= Cultural multivariate testing =

In internet marketing, cultural multivariate testing is multivariate testing performed on an international website in each geographically distinct market for the purpose of website localisation, i.e. finding the best culturally tailored design for the users in that specific location.

Similarly to multivariate testing it involves testing combinations of alternative components of a website in a live environment. The number of combinations which can be run at the same time is limited only by the time it would take to collect a statistically significant sample of visitors and computational power.

A test is usually designed to measure a specific goal, such as newsletter sign-up or completing an online purchase (so-called conversion), which is indicative of the website’s overall appeal and usability in a given cultural context. By incorporating the most successful combination of design elements, the localised version of the site can significantly improve the number of conversions compared to the original version.

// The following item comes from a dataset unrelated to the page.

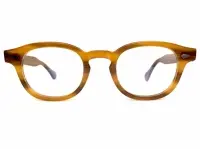 Vintage9526 COL.Blonde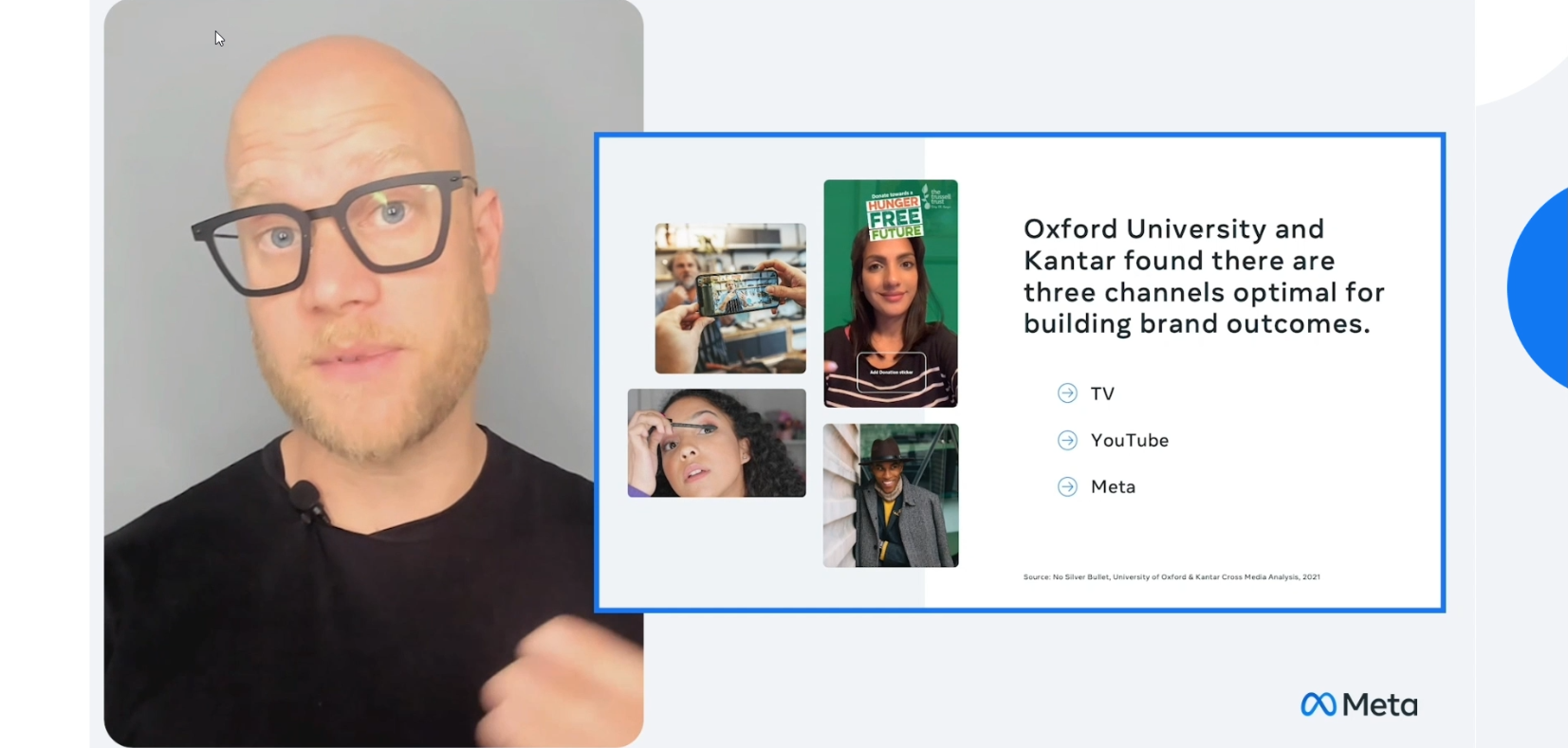 لێکۆڵێنەوەکانی زانکۆی ئۆکسفۆرد لێکۆڵینەوەکانی زانکۆی ئۆکسفۆرد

Cultural multivariate testing method is a recent addition to an existing body of research supporting the view that cultural tailoring is a significant factor in international website design contributing to its commercial success.

Evidence is found that local country web sites reflect the cultural values of the country of their origin, while international companies adapt their foreign websites to the cultural values of the target country, but this adaptation is not yet extensive.

Among the cross-cultural studies of websites there are those that look specifically at the use of culturally adapted images and product representations, the use of human representations, differences in brand logos and tag lines, different colour schemes, navigation, trust-building web strategies in the online shopping context, as well as many other website components and overall website look and feel. The studies confirm the existence of measurable differences in appeal, effectiveness and usability of websites between countries.

- Oban Digital provides Cultural Multivariate Testing through its GlobalMaxer tool.

Cultural multivariate testing takes this body of research one step further by providing live statistical data for any given industry sector and geographical context without the limitations of setting up an artificial experiment environment which could impact on the user’s responses.